If you are mentally rejecting the above explanation, then ask yourself, why, sixty-five years later, the most obvious thing you would expect to see is not found in the literature.
You can do a quick validation test yourself, it will take you twenty minutes of coding. Grab your data set of prices, do not use pre-built returns because they often have normalizations you won't be able to control, and solve $p_{t+1}/p_t$ for every security that is not soon to merge out or declare bankruptcy. They have very different mathematical properties. Also do not use the log difference because the issues are more subtle and that will be discussed below.
The easiest solution since this is quick and dirty, is to exclude any trades that don't exactly fit. For example, if you do one day returns, exclude Friday trades since they have three or four days until the next trade. You can segregate them and run the same thing on them if it makes you feel better. The result will be the same. If you run 1 year returns, just drop all trades that do not happen exactly 365 days apart. It will really drop your sample size, but you will still have tens of millions of trades.
Find the sample mean and the sample standard deviation. Then plot a histogram of the data in about 3% bin widths about either 0% if you subtracted 1 or around 1 if you just divided. Now overlay the implied normal distribution.
It won't fit and the parameters won't make sense economically. It still will not work if you adjust the implied distribution for the fact that negative prices are not allowed.
Leaving the quick and dirty, if you used a Metropolis-Hastings algorithm for a truncated likelihood in lieu of the above untruncated likelihood, you would find it fits very well, though there is a bit of skew in the data. The argument put forth is that it is due to the stochastic budget constraint. Because anyone would accept 100 shares of any stock for free and because there is a zero probability people would pay infinity, there is a sigmoid survival function that describes the probability a trade will happen at all at each price level, which is what creates a return. Because you did not model this, you see it as skew.
If you use log returns then you will have a mean and a variance, but no covariance. The likelihood is the hyperbolic secant distribution. It is a fat-tailed, finite-variance distribution with the unpleasant property that as you add assets you do not add covariance factors. Instead, you have a group of assets that cannot be independent of each other, but cannot covary asymptotically though they can covary locally.

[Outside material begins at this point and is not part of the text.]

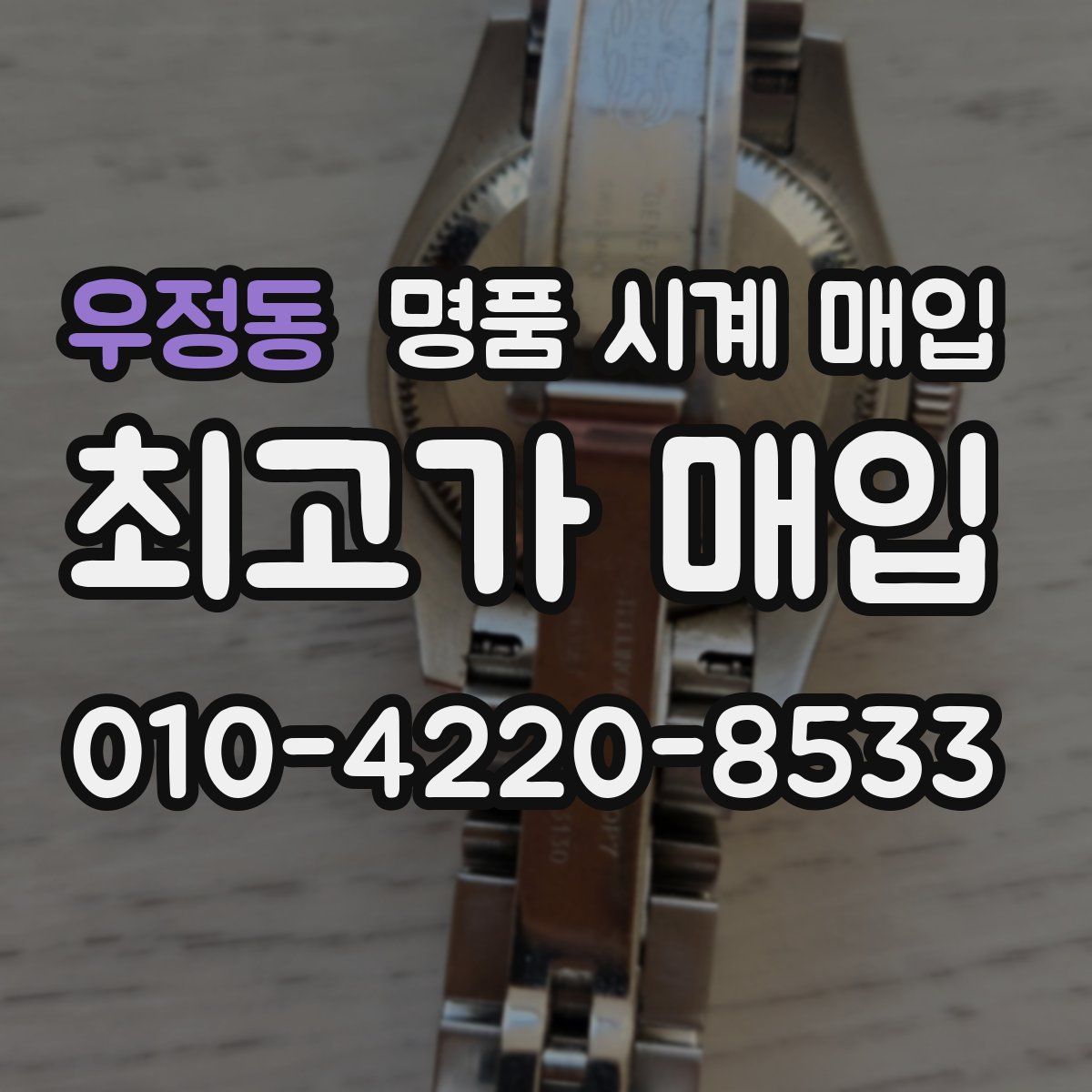 우정동 명품 시계 매입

Everyone still uses mean-variance finance, but it is about to disappear because it is unsound. This isn't an opinion, this is math combined with a population test as verification that it is unsound. If you have a PhD statistician at your work, just show them this. They will tell you it is correct or at least probably correct and want to see the underlying papers to verify it. Tell them they can derive normality as the distribution of the limit book for stocks under Markowitz because there are many buyers and sellers and a market in equilibrium is not subject to the winner's curse. The rational behavior in a double auction in equilibrium is to bid your expectation. The distribution of the expectations will converge to normality for the limit book. Prices will follow a normal shock and returns will follow as above. Then they will agree that the above is obviously correct.